Lists the supported data services from which the module can read data (sources) and to which it can write (sinks). There can be multiple sources and sinks. For each, a protocol and format are provided.

protocol field can take a value such as kafka, s3, db2, fybrik-arrow-flight, etc.
format field can take a value such as avro, parquet, json, or csv.

Note that a module that targets copy flows will omit the api field and contain just source and sink, a module that only supports reading data assets will omit the sink field and only contain api and source

capabilites.api describes the api exposed by the module to the user's workload for the particular capability.

protocol field can take a value such as kafka, s3, db2, fybrik-arrow-flight, etc
dataformat field can take a value such as parquet, csv, avro, etc
endpoint field describes the endpoint exposed the module

capabilites.api.endpoint describes the endpoint from a networking perspective:

hostname field is the hostname to be used when accessing the module. Equals the release name. Can be omitted.
port field is the port of the service exposed by the module.
scheme field can take a value such as http, https, grpc, grpc+tls, jdbc:oracle:thin:@, etc

An example for a module that copies data from a db2 database table to an s3 bucket in parquet format.

capabilities:
- capability: copy
    supportedInterfaces:
    - source:
        protocol: db2
      sink:
        protocol: s3
        dataformat: parquet

An example for a module that has an API for reading data, and supports reading both parquet and csv formats from s3.

capabilities:
- capability: read
    api:
      protocol: fybrik-arrow-flight
      endpoint:
        port: 80
        scheme: grpc
    supportedInterfaces:
    - source:
        protocol: s3
        dataformat: parquet
    - flow: read
      source:
        protocol: s3
        dataformat: csv

capabilites.actions are taken from a defined Enforcement Actions Taxonomy a module that does not perform any transformation on the data may omit the capabilities.actions field.

The following is an example of how a module would declare that it knows how to redact, remove or encrypt data.

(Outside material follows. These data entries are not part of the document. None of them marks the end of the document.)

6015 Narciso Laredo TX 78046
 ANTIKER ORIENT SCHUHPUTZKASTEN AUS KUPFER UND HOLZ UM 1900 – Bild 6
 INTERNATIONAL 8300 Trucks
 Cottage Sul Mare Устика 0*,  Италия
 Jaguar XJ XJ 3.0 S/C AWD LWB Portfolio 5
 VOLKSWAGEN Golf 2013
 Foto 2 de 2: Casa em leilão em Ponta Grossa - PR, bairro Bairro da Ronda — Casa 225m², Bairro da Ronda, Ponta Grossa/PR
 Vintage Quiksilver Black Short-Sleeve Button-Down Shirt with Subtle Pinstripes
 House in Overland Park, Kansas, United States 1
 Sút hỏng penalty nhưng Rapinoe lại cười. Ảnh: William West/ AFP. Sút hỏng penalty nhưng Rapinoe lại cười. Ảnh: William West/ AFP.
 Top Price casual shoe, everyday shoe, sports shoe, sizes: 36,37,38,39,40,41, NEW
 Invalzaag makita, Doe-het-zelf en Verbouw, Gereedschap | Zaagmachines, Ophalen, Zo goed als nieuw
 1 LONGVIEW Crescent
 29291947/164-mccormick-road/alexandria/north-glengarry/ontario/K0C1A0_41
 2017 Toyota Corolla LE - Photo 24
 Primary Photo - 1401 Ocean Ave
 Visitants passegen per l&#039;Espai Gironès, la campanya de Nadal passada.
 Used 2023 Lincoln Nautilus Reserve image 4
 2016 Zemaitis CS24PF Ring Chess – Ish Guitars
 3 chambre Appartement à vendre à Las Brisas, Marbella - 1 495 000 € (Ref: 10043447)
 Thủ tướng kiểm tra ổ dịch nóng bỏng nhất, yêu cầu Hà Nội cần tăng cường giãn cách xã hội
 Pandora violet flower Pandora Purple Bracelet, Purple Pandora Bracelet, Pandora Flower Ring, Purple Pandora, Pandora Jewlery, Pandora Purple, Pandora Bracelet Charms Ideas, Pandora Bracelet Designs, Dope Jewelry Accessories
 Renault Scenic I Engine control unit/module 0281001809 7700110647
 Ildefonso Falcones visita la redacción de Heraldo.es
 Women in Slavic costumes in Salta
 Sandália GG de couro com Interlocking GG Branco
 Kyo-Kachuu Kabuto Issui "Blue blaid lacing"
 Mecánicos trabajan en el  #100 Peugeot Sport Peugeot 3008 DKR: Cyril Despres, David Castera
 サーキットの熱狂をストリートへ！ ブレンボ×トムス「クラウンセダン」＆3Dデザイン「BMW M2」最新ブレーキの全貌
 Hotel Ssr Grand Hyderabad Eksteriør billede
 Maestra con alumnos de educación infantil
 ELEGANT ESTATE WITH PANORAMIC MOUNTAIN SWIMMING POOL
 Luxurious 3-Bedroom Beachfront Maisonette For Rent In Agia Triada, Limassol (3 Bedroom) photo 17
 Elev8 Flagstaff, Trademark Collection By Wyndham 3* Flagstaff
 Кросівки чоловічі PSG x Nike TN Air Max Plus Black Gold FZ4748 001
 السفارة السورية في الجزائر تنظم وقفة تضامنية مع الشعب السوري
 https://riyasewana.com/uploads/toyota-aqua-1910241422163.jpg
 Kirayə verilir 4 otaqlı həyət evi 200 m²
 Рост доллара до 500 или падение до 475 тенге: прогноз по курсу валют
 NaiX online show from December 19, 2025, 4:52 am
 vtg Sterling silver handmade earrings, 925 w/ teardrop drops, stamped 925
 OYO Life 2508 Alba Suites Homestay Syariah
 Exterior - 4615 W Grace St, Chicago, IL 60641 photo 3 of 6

Additional properties may be associated with each action.

capabilities:
- read:
    actions:
    - name: "RedactAction"
    - name: "RemoveAction"
    - name: "EncryptAction"

Full Examples

The following are examples of YAMLs from fully implemented modules:

An example YAML for a module that copies from db2 to s3 and includes transformation actions
And an example arrow flight read module YAML, also with transformation support

Getting Started

In order to help module developers get started there are two example "hello world" modules: * Hello world module * Hello world read module

An example of a fully functional module is the [arrow flight module][https://github.com/fybrik/arrow-flight-module]

Test

Register the module to make the control plane aware of it.
Create an FybrikApplication YAML for a user workload, ensuring that the data set and other parameters included in it, together with the governance policies defined in the policy manager, will result in your module being chosen based on the control plane logic.
Apply the FybrikApplication YAML.
View the FybrikApplication status.
Run the user workload and review the results to check if they are what is expected.